# Sprinkler Installation for APA Performance Rated I-Joists



## Uncle Bob (Feb 5, 2010)

I was looking for something else and stumbled across this on the APA website.

For youse-guys that have adopted the 2009 IRC and require residential fire sprinklers; this will be a good handout and guide for installation of sprinkler systems with TJI framing;

(scroll down and click on the PDF symbol for "Technical Note: Sprinkler Installation for APA Performance rated I-Joists")

Note; you'll have to register and sign in to download; but, it's free;

http://www.apawood.org/level_c.cfm?cont ... N=54711524

ps:  If ya'll are going to inspect TJI Layouts; you really need to learn what your looking at.  APA has a ton of information that Inspector's need to know.  I know; I'm talking to brick walls.   

Enjoy,

Uncle Bob


----------



## beach (Feb 6, 2010)

Re: Sprinkler Installation for APA Performance Rated I-Joists



> If ya'll are going to inspect TJI Layouts; you really need to learn what your looking at. APA has a ton of information that Inspector's need to know. I know; I'm talking to brick walls.

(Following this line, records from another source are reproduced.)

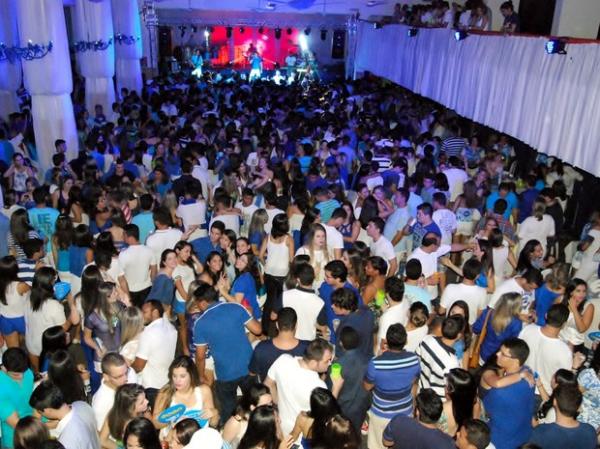 Bailes temáticos resgatam tradicional prévia de carnaval em Teresina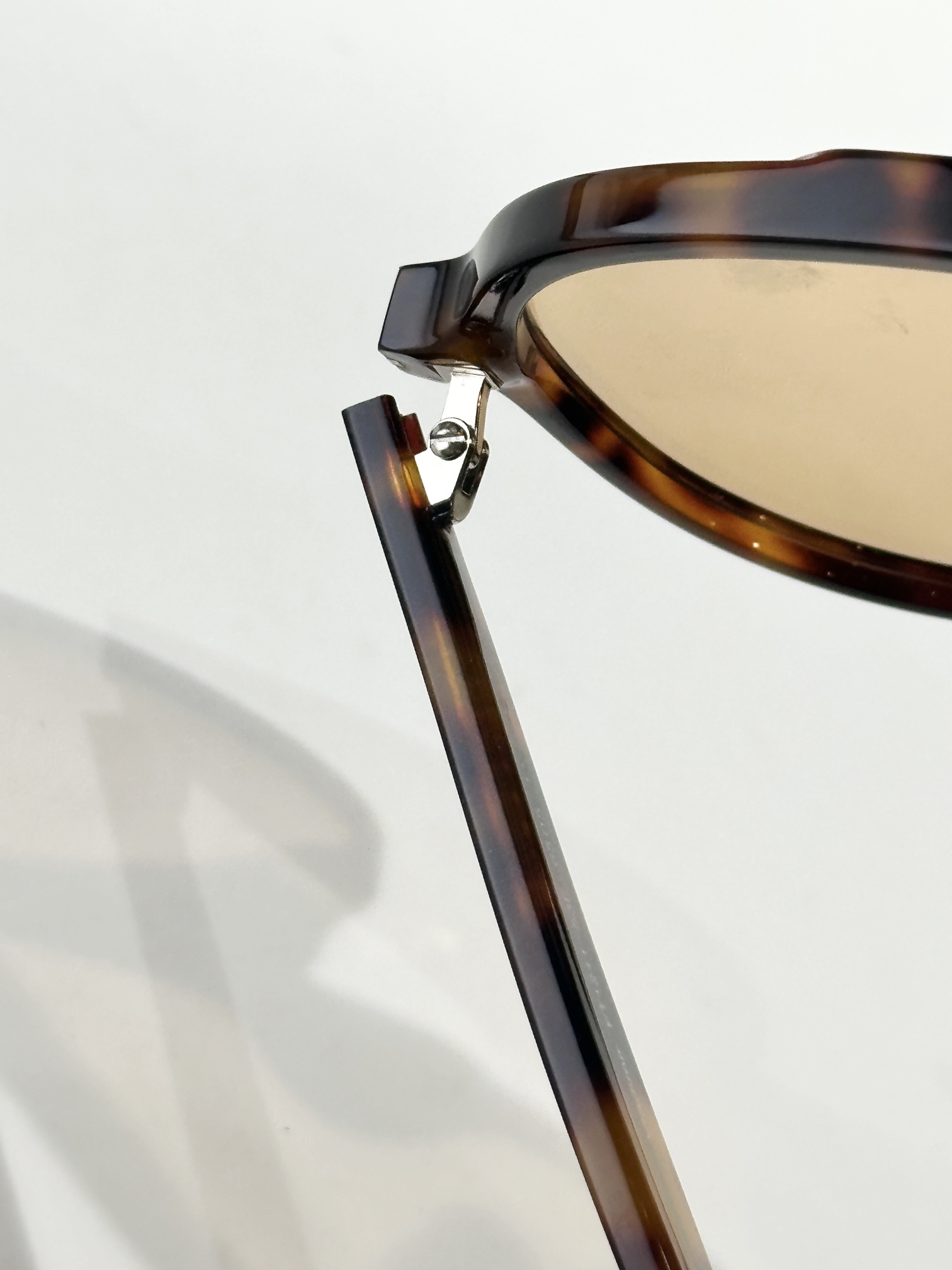 𝑻𝒐𝒎 𝑭𝒐𝒓𝒅 MOD：FT1211SIZE: 65-5-140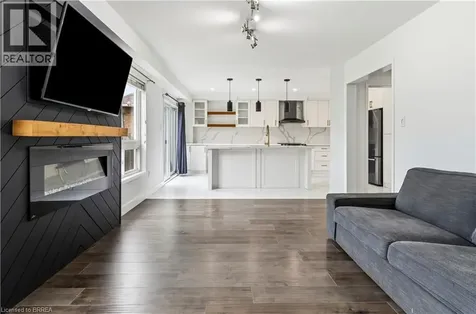 36 Hollinrake Avenue Brantford ON N3T 0B6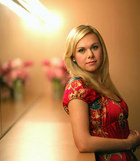 Laura Bell Bundy : laurabellbundy_1299369108.jpg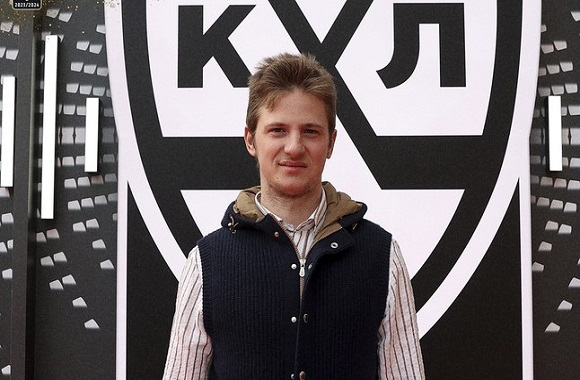 Владимир Ткачёв стал 12-м игроком «Авангарда», получившим «Золотой шлем»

You seem to assume that inspectors don't know or care to know anything....... TJI's have been used almost exclusively around here for over 20 years on everything from tract homes to 70 million dollar custom homes, we typically don't have basements and when we do they are finished...all homes typically use 5/8" drywall   because it lays straighter. Nothing new here....


----------



## RJJ (Feb 6, 2010)

Re: Sprinkler Installation for APA Performance Rated I-Joists

UB: I printed the link and the 22 pages. Not a bad find. I believe I will hand it out.


----------



## FM William Burns (Feb 6, 2010)

Re: Sprinkler Installation for APA Performance Rated I-Joists

Nice resource UB!


----------



## beach (Feb 6, 2010)

Re: Sprinkler Installation for APA Performance Rated I-Joists

Just to be clear, I'm not a big fan of TJI's compared to standard dimensional lumber, but that's what's used in this area.... for a very long time...with the standard 5/8" drywall application we haven't seen any problems, although I've seen them go up pretty quick in the framing stages when the plumbers left for the day! Conarbs thinking that they basically melt when in contact with water (sprinklers) is plain ignorant, as someone said before, plywood is also engineered lumber product.....and of course, they are a GREEN product!!!  :lol:


----------